IOC bowed to China on censorship - Amnesty
Amnesty International today accused the International Olympic Committee (IOC) of caving into China over Internet censorship.
Some IOC officials agreed a deal to allow China to block sensitive websites, despite promises of unrestricted access, IOC press chief Kevan Gosper admitted today.
In a statement released this afternoon, Mark Allison, East Asia researcher for Amnesty, called on the IOC and the Organizing Committee of the Beijing Olympic Games to fulfil their commitment to full media freedom and provide "immediate uncensored internet access" at Olympic media venues.
"Censorship of the internet at the Games is compromising fundamental human rights and betraying the Olympic values," he said.

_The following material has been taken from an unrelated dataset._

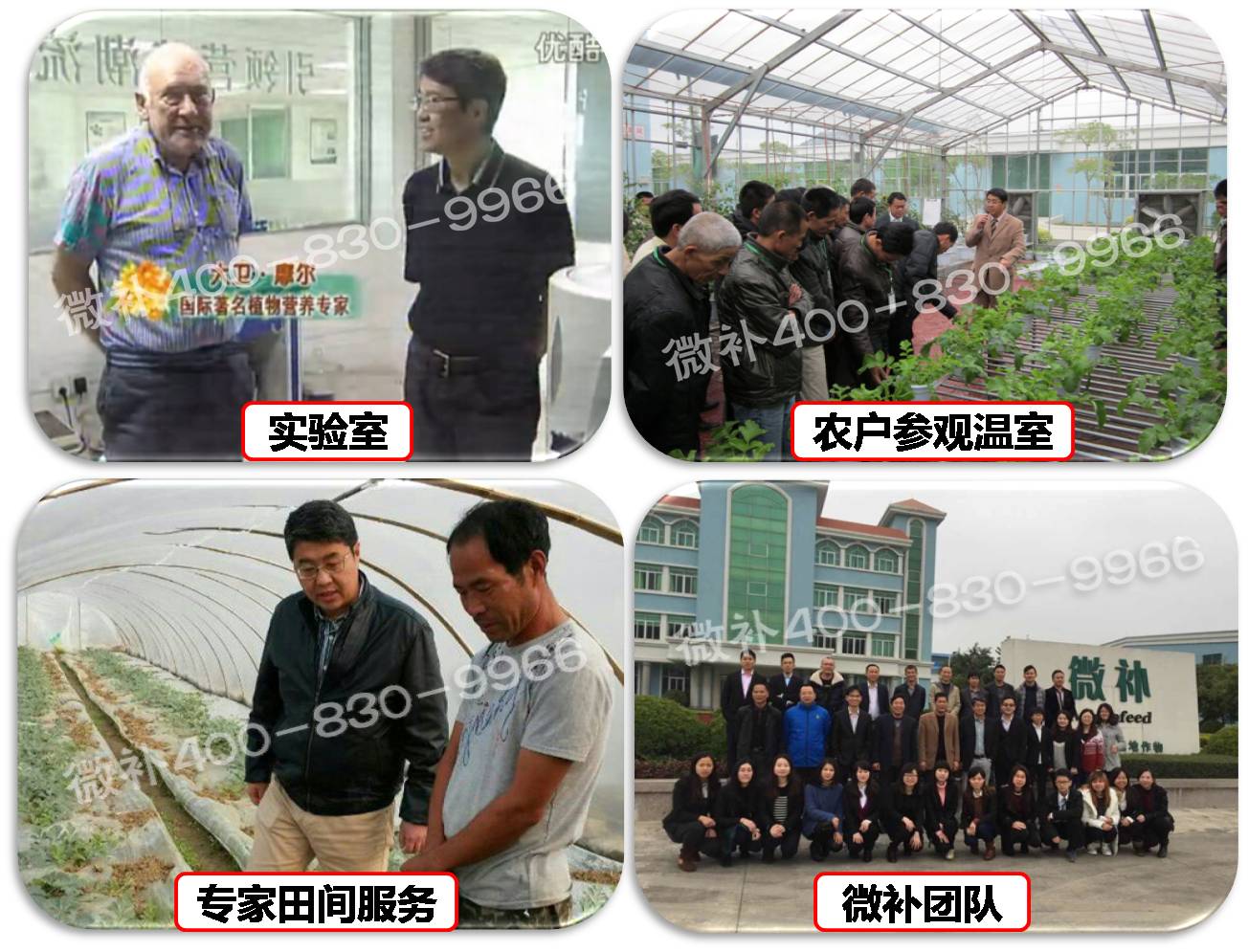 余教授奧地利維也納行：不懂音樂(lè)的農(nóng)民教授，在音樂(lè)之都的感受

Amnesty International Irish section executive director Colm O'Gorman added: “World leaders who attend the Games need to raise their voices publicly for human rights in China and in support of individual Chinese human rights activists."
"If our Government, represented at the Games by Minister Martin Cullen, fails to do so it could be seen as tolerating human rights abuses in China and in particular those associated with the staging of the Games themselves.”
China had committed to providing media with the same freedom to report on the Games as at previous Olympics, but journalists this week complained of finding access to some sites, including Amnesty International, blocked.
"I regret that it now appears BOCOG has announced that there will be limitations on website access during Games time," IOC press chief Kevan Gosper said today, referring to Beijing's Olympic organisers.
"I also now understand that some IOC officials negotiated with the Chinese that some sensitive sites would be blocked on the basis they were not considered Games related," he said.
Journalists at the main press centre have been unable to access the website of Amnesty International, which released a report on Monday, Olympic Countdown: Broken Promises, condemning China for failing to honour its Olympic human rights pledges.
Other websites, including those relating to the banned spiritual group Falun Gong, are also blocked.
In a statement, Amnesty said the IOC “has on many occasions" highlighted the easing of restrictions on foreign media in China as an example of the promised improvement in human rights through the hosting of the Olympics.
“On April 1st, Kevin Gosper said that the continued blocking of some websites would ‘reflect very poorly’ on the hosts. On July 17th, Jacques Rogge, IOC President, said ‘there will be no censorship of the internet,” the statement added.
Beijing Games organisers said censorship would not stop journalists doing their jobs in reporting on the Olympics. "We are going to do our best to facilitate the foreign media to do their reporting work through the Internet," a spokesman said.
Nonetheless, the admission that the Internet will be partly censored is sure to lead to more criticism for China, which is already under attack over air quality in Beijing.
Chinese experts said today they were working on emergency plans to keep Olympic skies clear, including keeping cars off the roads in nearby provinces, but did not expect to need them.